- Dataset excerpt:
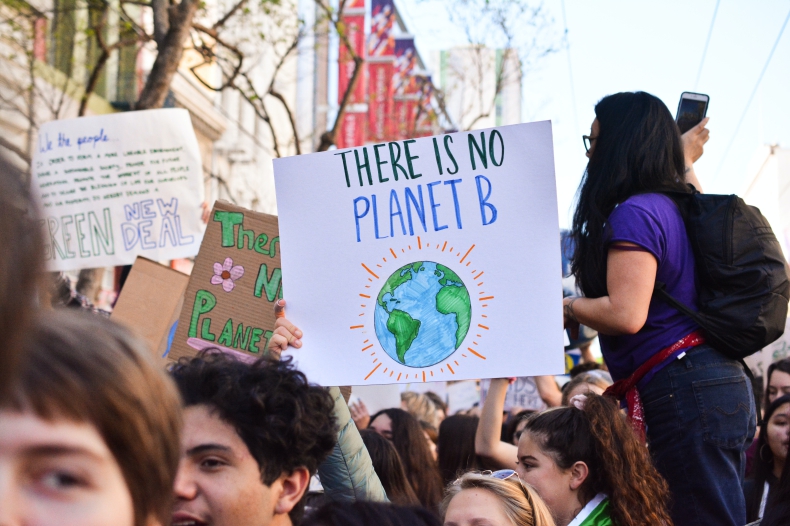 Aktywiści klimatyczni rozpoczęli dwutygodniowy protest w Londynie - ZielonaGospodarka.pl
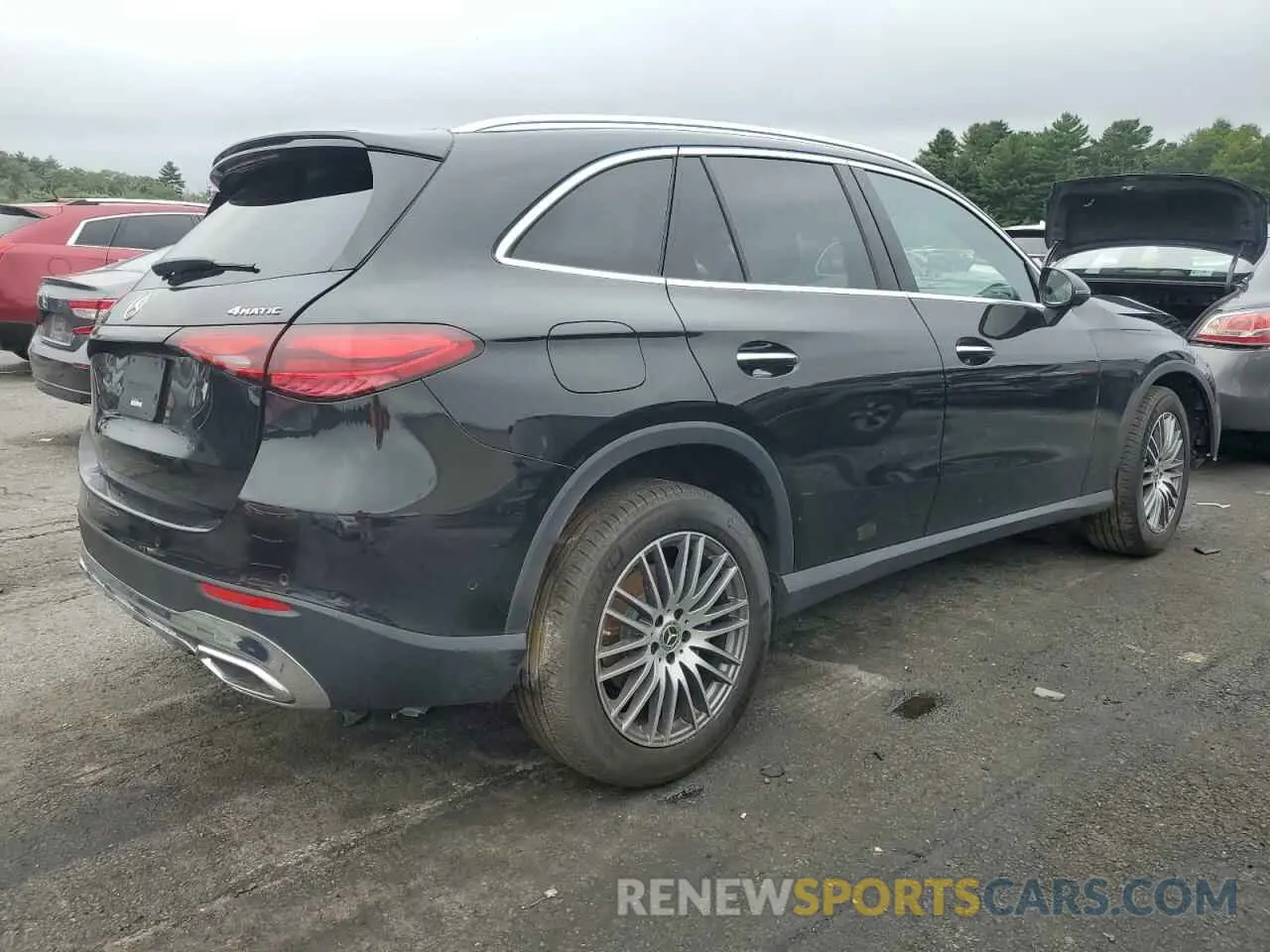 3 Photograph of a damaged car W1NKM4HB8RF109416 MERCEDES-BENZ GLC-CLASS 2024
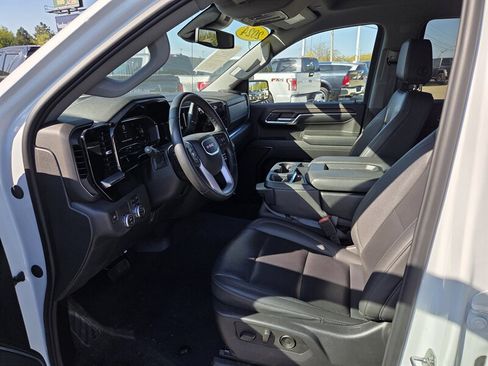 Used 2024 GMC Sierra 1500 SLT image 10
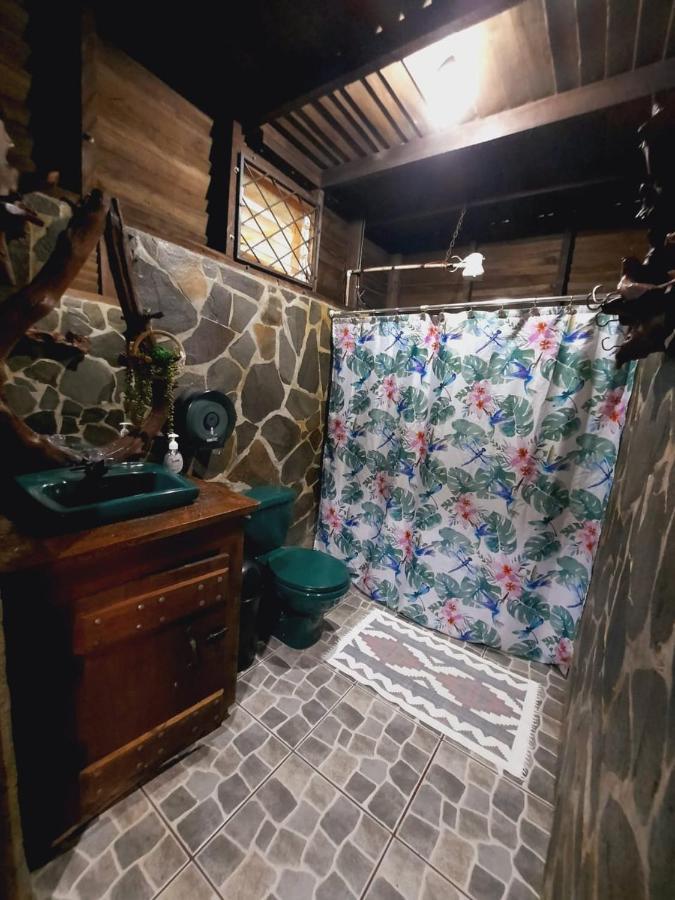 Cabanas Montanas Del Tenorio Rio Celeste エクステリア 写真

- Exercise directions: Here the job is to print all the data exactly, skipping any image.

- Result:
 Aktywiści klimatyczni rozpoczęli dwutygodniowy protest w Londynie - ZielonaGospodarka.pl
 3 Photograph of a damaged car W1NKM4HB8RF109416 MERCEDES-BENZ GLC-CLASS 2024
 Used 2024 GMC Sierra 1500 SLT image 10
 Cabanas Montanas Del Tenorio Rio Celeste エクステリア 写真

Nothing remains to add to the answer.